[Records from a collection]

.....

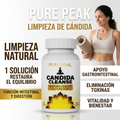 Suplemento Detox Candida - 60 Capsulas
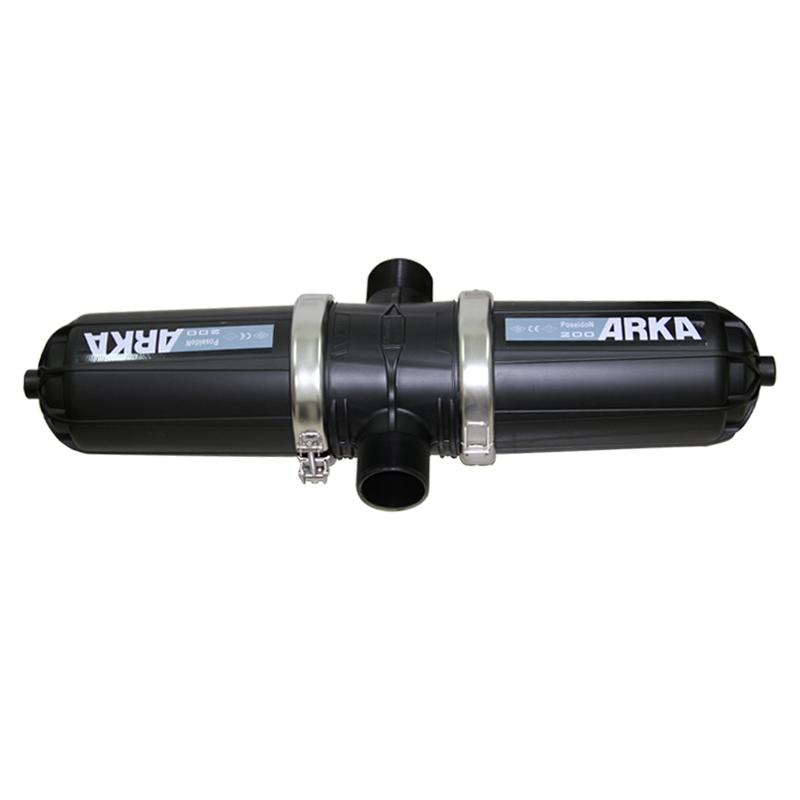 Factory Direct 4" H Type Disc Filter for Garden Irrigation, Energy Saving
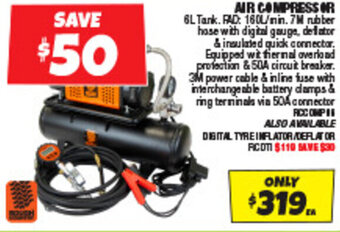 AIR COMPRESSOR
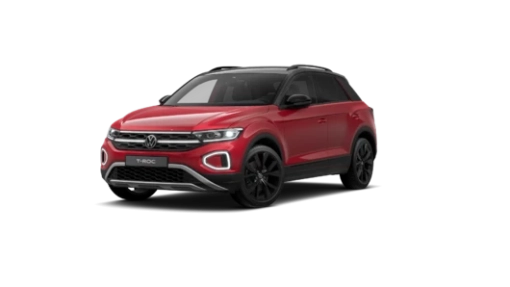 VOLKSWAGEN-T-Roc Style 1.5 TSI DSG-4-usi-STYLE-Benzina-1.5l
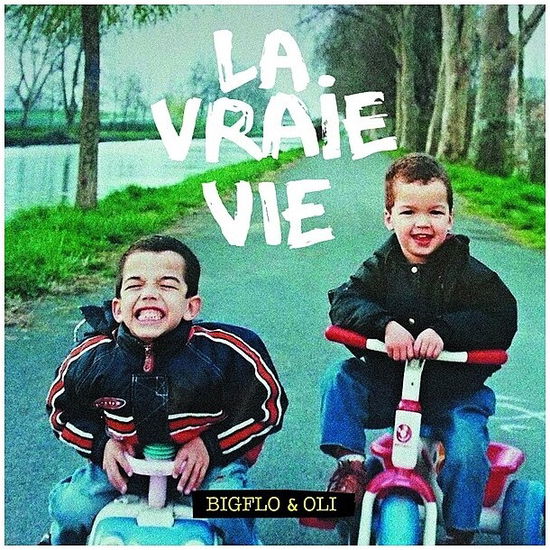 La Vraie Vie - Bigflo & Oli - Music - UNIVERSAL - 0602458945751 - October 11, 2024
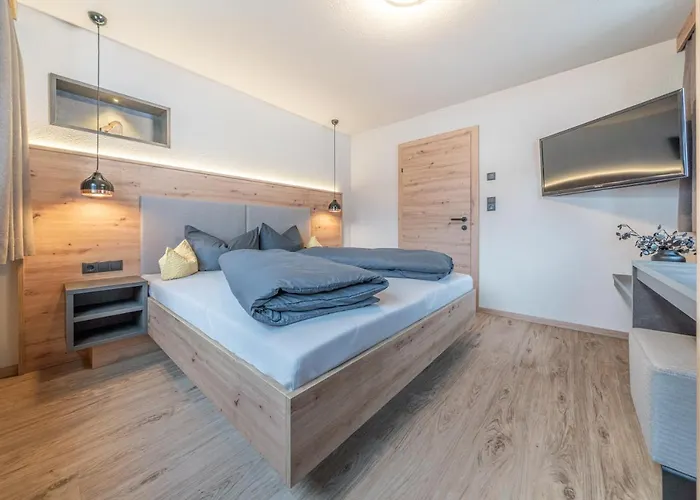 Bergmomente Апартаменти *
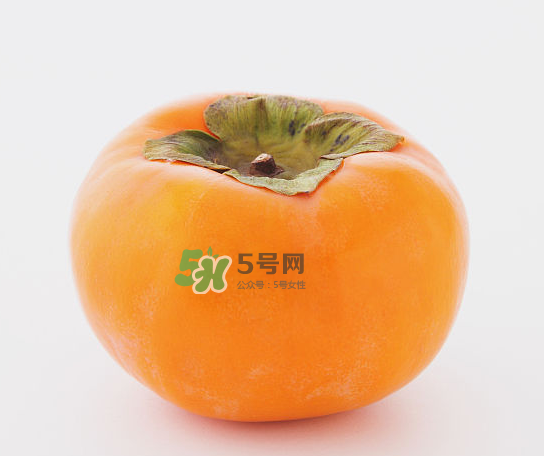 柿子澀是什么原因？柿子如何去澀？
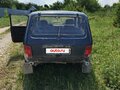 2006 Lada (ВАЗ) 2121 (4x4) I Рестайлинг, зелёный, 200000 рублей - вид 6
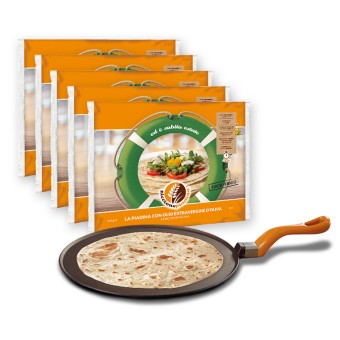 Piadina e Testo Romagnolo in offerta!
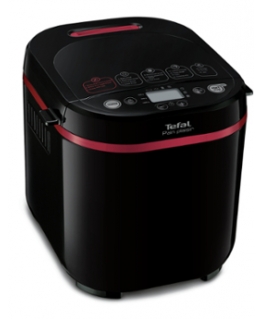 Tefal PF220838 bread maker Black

.....

- **TASK TO COMPLETE**:
Starting with the line that contains "Bergmomente Апартаменти *" and ending with the last line of the data above, transcribe exactly those lines and no others, without pictures.

- **RESPONSE**:
 Bergmomente Апартаменти *
 柿子澀是什么原因？柿子如何去澀？
 2006 Lada (ВАЗ) 2121 (4x4) I Рестайлинг, зелёный, 200000 рублей - вид 6
 Piadina e Testo Romagnolo in offerta!
 Tefal PF220838 bread maker Black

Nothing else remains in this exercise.